I used to regularly sit and talk with a girl that I call “Bee” in Queens Castle 1. As a regular customer, I got to know the girls there, and they got to know what I liked and what I didn’t like. Something that I really don’t like is a drunk, male or female, who becomes unpleasant. Chanada, the Mama-san of the time, knew me as a regular customer who paid the check-bin [bill] without arguing over how many beers I had consumed. When I first started going there, I didn’t drink enough beers in there to make it easy to pad my bill, and later, when I felt confident enough to drink a bit more in there, they must have decided that I was a good customer, why piss me off to get a few hundred Baht out of me and risk me never returning? I was always treated fairly there when I lived in Thailand. Nowadays, the place is a rip-off.
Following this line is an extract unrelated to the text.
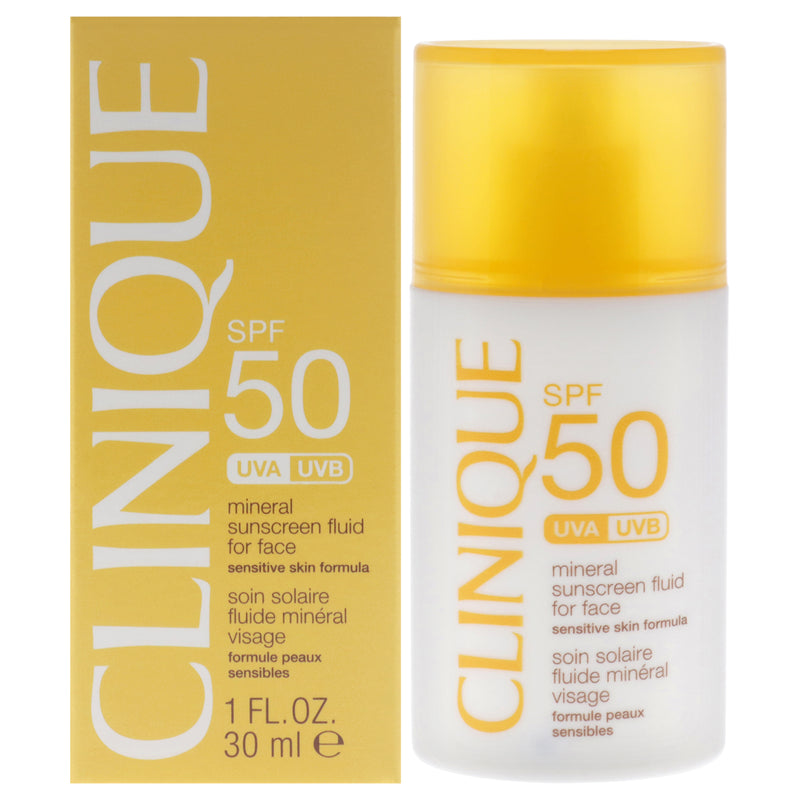 Clinique Mineral Sunscreen Fluid For Face Spf 50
They come around regularly with a tips tin asking for donations for the dancers, so I don’t go there any more.

So, one night, when one of the girls had “too much whiskey” to drink, and tried to annoy me while Bee was doing a show, Chanada fired her on the spot after I caught her eye. Chanada took no shit from anyone, customer, employer, or employee. She was good for the place.

One night, I turned up, sat in my regular position and waited for Bee to appear. Soon Bee glided around the bar from the back room, with another relatively tall girl following her. This girl sat on the other side of me from Bee. I wasn’t quite sure what was going on, so I just allowed Bee to let on what was happening at her own pace, and soon I had an idea of what she was up to.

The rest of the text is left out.